Néanmoins, si My Year of Dicks offre ainsi des racines aux tourments de Pam, il ne parvient pas à faire comprendre au spectateur une forme de bêtise latente qui caractérise assez nettement le personnage principal. La détermination de la protagoniste à perdre sa virginité est admissible, mais il est relativement compliqué de concevoir qu’elle s’interdise de conjuguer son envie avec le sentiment amoureux. Son meilleur ami, dont on ne doute jamais qu’il finira par devenir son petit copain, est altruiste, bienveillant, attentionné, et à l’évidence charmé par Pam.
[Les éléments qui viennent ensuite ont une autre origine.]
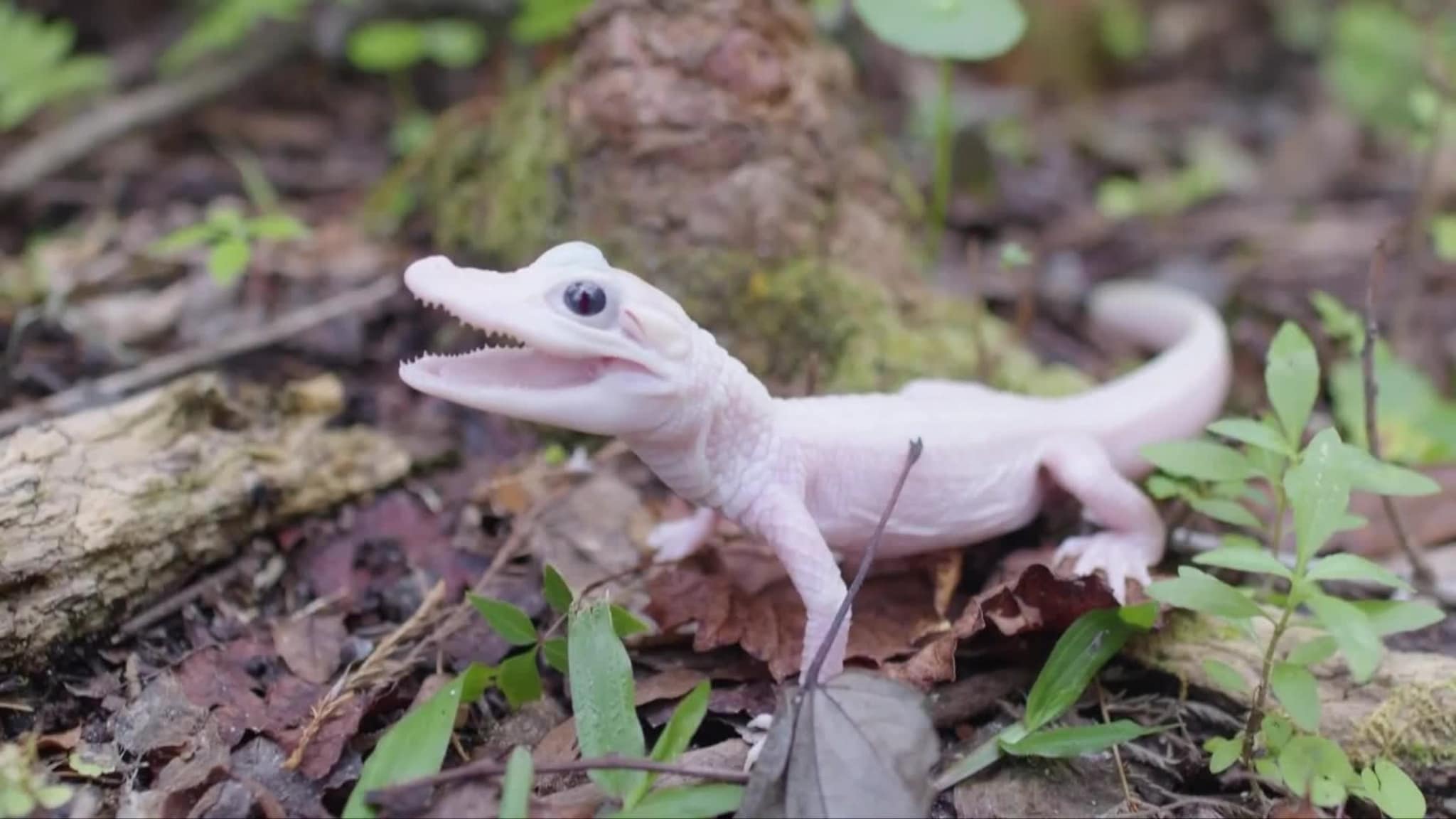 Rare White Alligator Born at Gatorland Park – A Christmas Miracle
Pourtant, dans un nouvel élan scénaristique maladroit, l’adolescente ne le considère même pas. Probablement Pamela Ribon souhaite nous faire comprendre que son incarnation dans le film doit d’abord faire le deuil de ses fantasmes avant de constater ce que tout le monde observe depuis vingt longues minutes, mais l’omniprésence du garçon dans les instants de détresse lui confère une place si précieuse que le rendre invisible est rigoureusement impossible. Il n’est jamais spectateur du récit, il en est un acteur clair à chaque chapitre, et sa marginalisation ne fait aucun sens. My Year of Dicks est davantage une chronique puérile qu’une quête de sagesse.
My Year of Dicks n’a de politiquement incorrect que son titre. À travers la quête affective de son héroïne, le film sombre dans l’immaturité, laissant apparaître des faiblesses scénaristiques et esthétiques claires.
My Year of Dicks est disponible légalement sur Vimeo.